Accelerated Computing with CUDA on C/C++

This is a certified course within NVIDIA DLI.

The work done by GPU is assynchronous. The process needs to wait for synchronizing using cudaDeviceSynchronize().

Parts of a GPU function declaration for CUDA :

kernelName<<< #blocks, #threads_per_block >>>()

Introduction

CUDA (Compute Unified Device Architecture) is NVIDIA’s parallel computing platform and programming model, released in 2007. It lets developers use NVIDIA GPUs for general-purpose computing (GPGPU), extending beyond graphics rendering into scientific computing, deep learning, data analytics, and more.

CUDA provides:

A C/C++/Fortran API with GPU extensions (__global__, __device__, etc.)
A runtime and driver API for GPU management
Optimized libraries (cuBLAS, cuDNN, cuFFT, etc.)
Compiler toolchain (NVCC)

Host vs Device

Host = CPU & system memory (RAM)
Device = GPU & global memory (VRAM)
CUDA programs split work between host and device.

Kernels

A kernel is a function executed on the GPU.
Defined with __global__ keyword in CUDA C/C++.
Invoked with [grid, block] execution configuration syntax.

cpp

__global__ void vectorAdd(float *a, float *b, float *c, int n) {
    int i = blockIdx.x * blockDim.x + threadIdx.x;
    if (i < n) c[i] = a[i] + b[i];
}

Thread Hierarchy

CUDA organizes threads in a grid–block–thread model:

Thread: smallest unit of execution
Block: group of threads (1D/2D/3D)
Grid: group of blocks (1D/2D/3D)

Each thread has unique IDs (threadIdx, blockIdx) to identify work.

Memory Hierarchy

Different memory types with trade-offs:

Registers (per-thread, fastest)
Shared memory (per-block, low latency, useful for collaboration)
Global memory (device-wide, high latency, but large)
Constant & texture memory (special cached memories)

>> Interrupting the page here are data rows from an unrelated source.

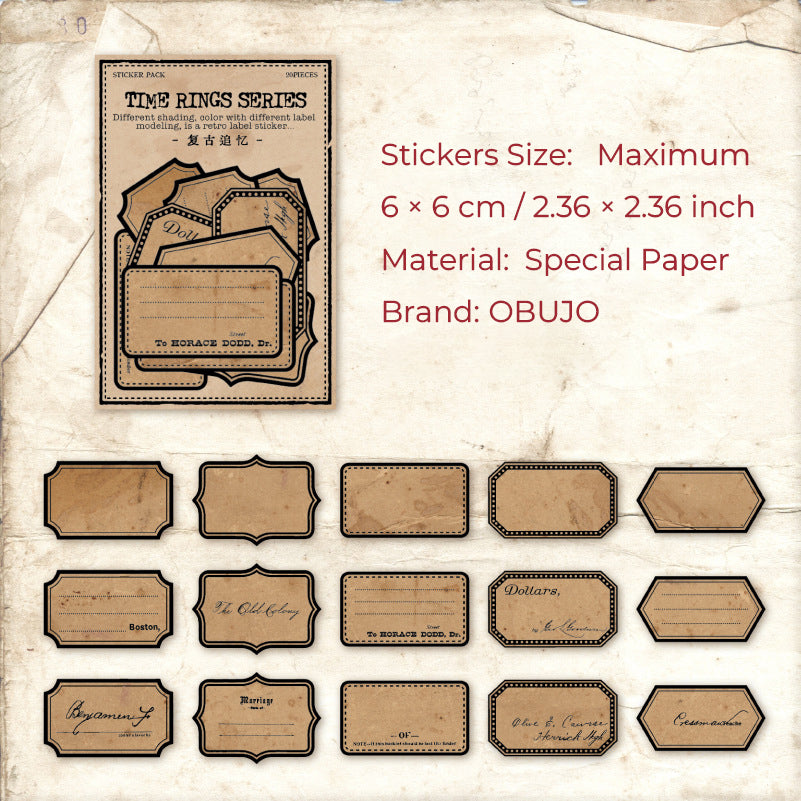 30 Pcs Vintage Lable Stickers SGNL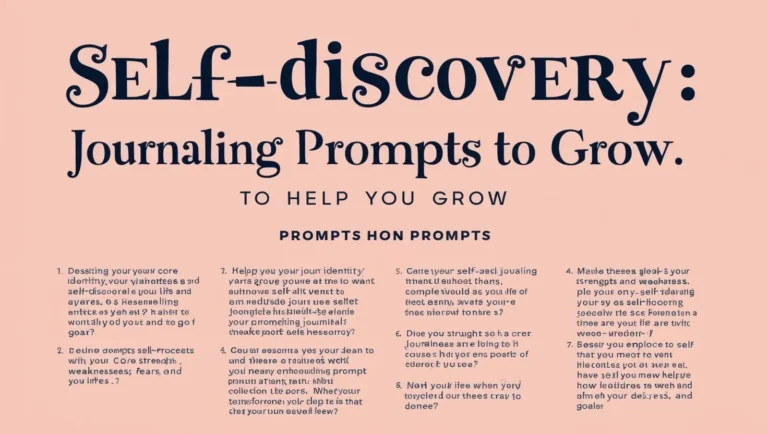 Self-Discovery: Journaling Prompts to Help You Grow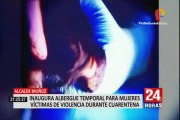 Jorge Muñoz inauguró albergue temporal para mujeres víctimas de violencia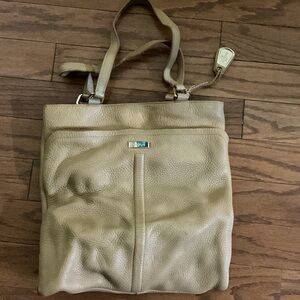 Cole Haan Beige Leather Tote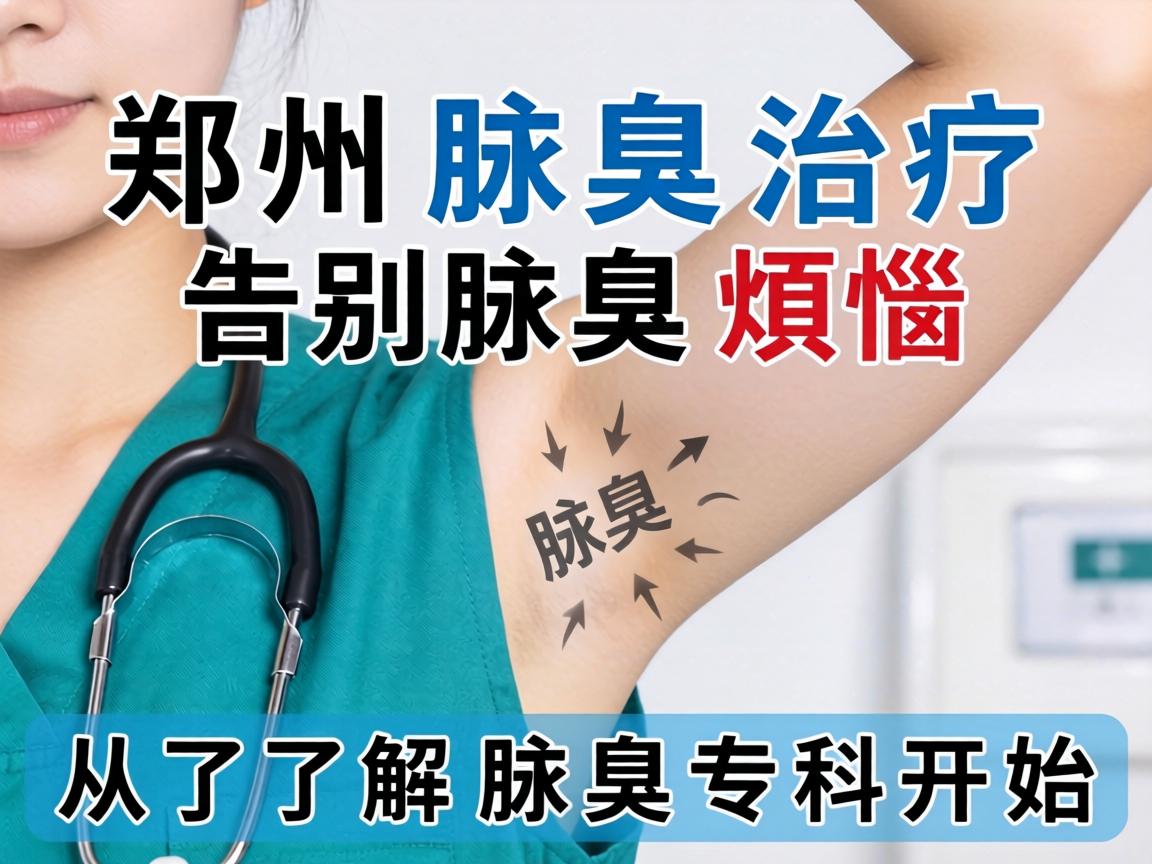 郑州腋臭治疗，告别腋臭烦恼，从了解腋臭专科开始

SIMT (Single Instruction, Multiple Thread)

Threads are executed in groups called warps (32 threads).
All threads in a warp execute the same instruction (though divergence is possible).

Streams & Concurrency

Streams allow overlapping computation and data transfers.
Enables pipelining (compute on one batch while transferring another).

CUDA Version Evolution (Highlights)

NVIDIA has steadily expanded CUDA since 2007. Here are the key version milestones:

Version	Release Year	Key Features / Changes
1.0 (2007)	2007	First release, GPU programming in C, targeting Tesla architecture.
2.x (2008–2009)	2008–09	Double precision support, improved atomics, multi-GPU support.
3.x (2010–2011)	2010–11	Fermi architecture: unified cache, ECC memory, improved concurrency.
4.x (2011)	2011	Unified Virtual Addressing (UVA), peer-to-peer GPU memory access.
5.x (2012)	2012	Kepler architecture: dynamic parallelism (kernels launch kernels), shuffle instructions.
6.x (2014)	2014	Maxwell support, Unified Memory (single address space across CPU+GPU).
7.x (2015)	2015	Pascal architecture: NVLink, more Unified Memory improvements.
8.0 (2016)	2016	Pascal GPUs: half-precision (FP16), CUDA Graphs API.
9.x (2017)	2017	Volta architecture: Tensor Cores, warp-level primitives.
10.x (2018–2019)	2018–19	Turing architecture, enhanced Tensor Cores (mixed precision).
11.x (2020–2021)	2020–21	Ampere architecture, CUDA Python, expanded C++17 support.
12.x (2022–2023)	2022–23	Hopper architecture, FP8 precision, improved asynchronous execution, new memory models.
Latest (CUDA 12.5, 2024)	2024	Hopper + Ada Lovelace optimizations, streamlined multi-GPU workflows, expanded cooperative groups.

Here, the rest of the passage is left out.